Information given:
BEGIN

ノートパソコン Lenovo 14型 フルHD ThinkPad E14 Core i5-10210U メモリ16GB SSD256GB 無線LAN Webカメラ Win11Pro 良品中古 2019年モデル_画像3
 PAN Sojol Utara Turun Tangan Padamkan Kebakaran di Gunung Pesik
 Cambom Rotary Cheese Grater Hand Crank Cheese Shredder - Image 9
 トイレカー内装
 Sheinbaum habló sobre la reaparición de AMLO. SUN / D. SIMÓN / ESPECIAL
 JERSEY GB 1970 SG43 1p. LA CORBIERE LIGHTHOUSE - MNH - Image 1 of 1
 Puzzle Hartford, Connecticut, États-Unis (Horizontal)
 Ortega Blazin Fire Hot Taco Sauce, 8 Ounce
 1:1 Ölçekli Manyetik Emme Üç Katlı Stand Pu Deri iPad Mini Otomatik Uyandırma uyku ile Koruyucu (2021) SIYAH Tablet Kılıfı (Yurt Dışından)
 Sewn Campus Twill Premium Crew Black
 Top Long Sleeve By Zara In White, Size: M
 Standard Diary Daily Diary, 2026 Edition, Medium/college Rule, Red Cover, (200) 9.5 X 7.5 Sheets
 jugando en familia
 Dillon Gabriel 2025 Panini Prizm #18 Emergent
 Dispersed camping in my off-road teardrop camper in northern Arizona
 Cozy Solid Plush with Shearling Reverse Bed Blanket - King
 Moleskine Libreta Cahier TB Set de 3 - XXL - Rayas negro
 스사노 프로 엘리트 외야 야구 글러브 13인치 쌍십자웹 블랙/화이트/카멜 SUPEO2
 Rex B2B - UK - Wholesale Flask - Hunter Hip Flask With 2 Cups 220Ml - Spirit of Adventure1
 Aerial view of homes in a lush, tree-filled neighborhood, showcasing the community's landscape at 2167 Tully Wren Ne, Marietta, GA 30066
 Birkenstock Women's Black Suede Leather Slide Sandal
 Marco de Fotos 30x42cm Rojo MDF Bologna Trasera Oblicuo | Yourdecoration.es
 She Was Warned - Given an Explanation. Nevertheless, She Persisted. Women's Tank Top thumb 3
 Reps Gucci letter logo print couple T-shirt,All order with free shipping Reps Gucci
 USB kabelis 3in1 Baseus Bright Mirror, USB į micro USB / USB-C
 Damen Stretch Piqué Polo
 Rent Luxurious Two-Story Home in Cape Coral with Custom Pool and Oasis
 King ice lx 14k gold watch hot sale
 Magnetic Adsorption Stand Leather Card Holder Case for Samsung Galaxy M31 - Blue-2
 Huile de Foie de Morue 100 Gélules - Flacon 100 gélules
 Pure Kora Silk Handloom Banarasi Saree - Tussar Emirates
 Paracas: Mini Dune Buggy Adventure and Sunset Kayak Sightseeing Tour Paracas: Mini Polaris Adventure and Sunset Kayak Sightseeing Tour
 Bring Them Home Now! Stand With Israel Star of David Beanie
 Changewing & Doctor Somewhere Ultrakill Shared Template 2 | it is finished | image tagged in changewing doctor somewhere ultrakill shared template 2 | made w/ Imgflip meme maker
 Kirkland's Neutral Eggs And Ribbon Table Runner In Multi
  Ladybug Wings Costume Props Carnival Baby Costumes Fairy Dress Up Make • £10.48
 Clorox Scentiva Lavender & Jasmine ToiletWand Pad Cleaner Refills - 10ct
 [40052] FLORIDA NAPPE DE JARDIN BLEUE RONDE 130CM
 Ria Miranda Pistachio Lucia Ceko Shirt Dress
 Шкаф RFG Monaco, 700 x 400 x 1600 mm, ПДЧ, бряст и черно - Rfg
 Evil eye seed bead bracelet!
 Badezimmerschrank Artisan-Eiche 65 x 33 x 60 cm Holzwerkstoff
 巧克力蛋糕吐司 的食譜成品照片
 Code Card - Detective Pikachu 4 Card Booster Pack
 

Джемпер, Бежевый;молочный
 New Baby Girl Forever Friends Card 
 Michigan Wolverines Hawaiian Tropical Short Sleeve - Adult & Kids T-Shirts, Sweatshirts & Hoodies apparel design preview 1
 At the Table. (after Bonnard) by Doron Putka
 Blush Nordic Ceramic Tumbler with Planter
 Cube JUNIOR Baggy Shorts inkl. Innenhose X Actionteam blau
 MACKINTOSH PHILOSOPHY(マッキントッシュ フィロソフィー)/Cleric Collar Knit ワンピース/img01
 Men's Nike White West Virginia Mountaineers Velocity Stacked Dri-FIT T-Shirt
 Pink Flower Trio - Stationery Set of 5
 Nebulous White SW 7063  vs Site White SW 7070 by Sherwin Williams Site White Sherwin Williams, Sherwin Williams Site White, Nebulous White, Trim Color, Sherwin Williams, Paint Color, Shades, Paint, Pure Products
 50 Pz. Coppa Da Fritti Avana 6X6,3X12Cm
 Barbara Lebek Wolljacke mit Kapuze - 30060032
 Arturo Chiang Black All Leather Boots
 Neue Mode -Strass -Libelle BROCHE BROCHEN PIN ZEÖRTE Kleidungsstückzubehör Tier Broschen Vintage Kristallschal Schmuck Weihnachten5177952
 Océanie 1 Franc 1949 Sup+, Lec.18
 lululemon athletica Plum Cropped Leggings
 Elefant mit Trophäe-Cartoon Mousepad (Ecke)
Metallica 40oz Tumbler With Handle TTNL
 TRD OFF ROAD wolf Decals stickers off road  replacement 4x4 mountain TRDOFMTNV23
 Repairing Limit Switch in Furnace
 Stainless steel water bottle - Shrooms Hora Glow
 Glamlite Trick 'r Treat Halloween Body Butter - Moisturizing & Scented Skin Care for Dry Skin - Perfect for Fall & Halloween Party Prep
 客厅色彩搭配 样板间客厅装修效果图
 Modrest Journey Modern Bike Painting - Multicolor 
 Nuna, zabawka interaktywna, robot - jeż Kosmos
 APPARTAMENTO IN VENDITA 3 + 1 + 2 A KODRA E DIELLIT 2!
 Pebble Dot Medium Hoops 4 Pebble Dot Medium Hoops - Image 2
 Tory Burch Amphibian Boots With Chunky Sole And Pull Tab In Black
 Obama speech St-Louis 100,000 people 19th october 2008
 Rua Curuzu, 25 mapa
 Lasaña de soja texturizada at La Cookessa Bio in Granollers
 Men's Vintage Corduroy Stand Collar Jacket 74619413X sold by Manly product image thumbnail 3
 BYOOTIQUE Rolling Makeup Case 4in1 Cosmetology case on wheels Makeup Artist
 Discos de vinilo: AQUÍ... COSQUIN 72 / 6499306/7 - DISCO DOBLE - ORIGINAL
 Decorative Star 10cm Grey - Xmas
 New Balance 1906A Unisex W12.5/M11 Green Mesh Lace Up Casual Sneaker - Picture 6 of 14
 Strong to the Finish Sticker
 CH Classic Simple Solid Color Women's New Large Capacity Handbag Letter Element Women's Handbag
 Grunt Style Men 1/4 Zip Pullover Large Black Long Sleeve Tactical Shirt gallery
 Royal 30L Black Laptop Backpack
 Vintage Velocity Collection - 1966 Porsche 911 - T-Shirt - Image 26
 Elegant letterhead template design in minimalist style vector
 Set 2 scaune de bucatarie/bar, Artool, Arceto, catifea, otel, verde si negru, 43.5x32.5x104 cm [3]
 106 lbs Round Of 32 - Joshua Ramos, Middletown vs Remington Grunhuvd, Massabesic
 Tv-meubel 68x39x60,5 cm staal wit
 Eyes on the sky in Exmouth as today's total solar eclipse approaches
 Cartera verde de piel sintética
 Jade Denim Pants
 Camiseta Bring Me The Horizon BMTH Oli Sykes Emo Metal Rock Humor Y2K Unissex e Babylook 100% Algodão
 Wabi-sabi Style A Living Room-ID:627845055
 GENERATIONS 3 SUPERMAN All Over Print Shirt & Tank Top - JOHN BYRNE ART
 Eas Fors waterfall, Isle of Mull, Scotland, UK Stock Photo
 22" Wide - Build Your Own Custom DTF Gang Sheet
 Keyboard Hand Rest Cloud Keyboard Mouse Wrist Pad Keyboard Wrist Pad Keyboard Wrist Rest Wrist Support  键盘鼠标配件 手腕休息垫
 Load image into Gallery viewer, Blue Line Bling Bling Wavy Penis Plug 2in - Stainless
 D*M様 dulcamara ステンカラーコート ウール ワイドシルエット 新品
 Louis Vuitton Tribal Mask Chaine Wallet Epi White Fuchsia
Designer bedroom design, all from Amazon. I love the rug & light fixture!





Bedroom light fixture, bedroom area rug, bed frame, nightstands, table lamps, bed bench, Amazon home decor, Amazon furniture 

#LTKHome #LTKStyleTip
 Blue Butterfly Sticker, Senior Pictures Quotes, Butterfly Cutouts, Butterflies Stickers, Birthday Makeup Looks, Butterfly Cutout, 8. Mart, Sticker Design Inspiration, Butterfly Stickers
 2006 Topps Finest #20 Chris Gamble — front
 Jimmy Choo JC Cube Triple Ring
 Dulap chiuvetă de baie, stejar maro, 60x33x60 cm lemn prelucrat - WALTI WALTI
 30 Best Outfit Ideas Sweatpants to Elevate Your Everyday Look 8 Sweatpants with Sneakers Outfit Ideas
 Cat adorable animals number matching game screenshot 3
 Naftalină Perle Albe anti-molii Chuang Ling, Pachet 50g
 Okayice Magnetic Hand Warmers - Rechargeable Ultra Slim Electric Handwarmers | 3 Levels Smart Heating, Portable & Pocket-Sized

END

In the data above, start at the line that has "Men's Vintage Corduroy", stop after the line that has "Camiseta Bring Me", and print every line in between exactly as it stands.

Your response:
 Men's Vintage Corduroy Stand Collar Jacket 74619413X sold by Manly product image thumbnail 3
 BYOOTIQUE Rolling Makeup Case 4in1 Cosmetology case on wheels Makeup Artist
 Discos de vinilo: AQUÍ... COSQUIN 72 / 6499306/7 - DISCO DOBLE - ORIGINAL
 Decorative Star 10cm Grey - Xmas
 New Balance 1906A Unisex W12.5/M11 Green Mesh Lace Up Casual Sneaker - Picture 6 of 14
 Strong to the Finish Sticker
 CH Classic Simple Solid Color Women's New Large Capacity Handbag Letter Element Women's Handbag
 Grunt Style Men 1/4 Zip Pullover Large Black Long Sleeve Tactical Shirt gallery
 Royal 30L Black Laptop Backpack
 Vintage Velocity Collection - 1966 Porsche 911 - T-Shirt - Image 26
 Elegant letterhead template design in minimalist style vector
 Set 2 scaune de bucatarie/bar, Artool, Arceto, catifea, otel, verde si negru, 43.5x32.5x104 cm [3]
 106 lbs Round Of 32 - Joshua Ramos, Middletown vs Remington Grunhuvd, Massabesic
 Tv-meubel 68x39x60,5 cm staal wit
 Eyes on the sky in Exmouth as today's total solar eclipse approaches
 Cartera verde de piel sintética
 Jade Denim Pants
 Camiseta Bring Me The Horizon BMTH Oli Sykes Emo Metal Rock Humor Y2K Unissex e Babylook 100% Algodão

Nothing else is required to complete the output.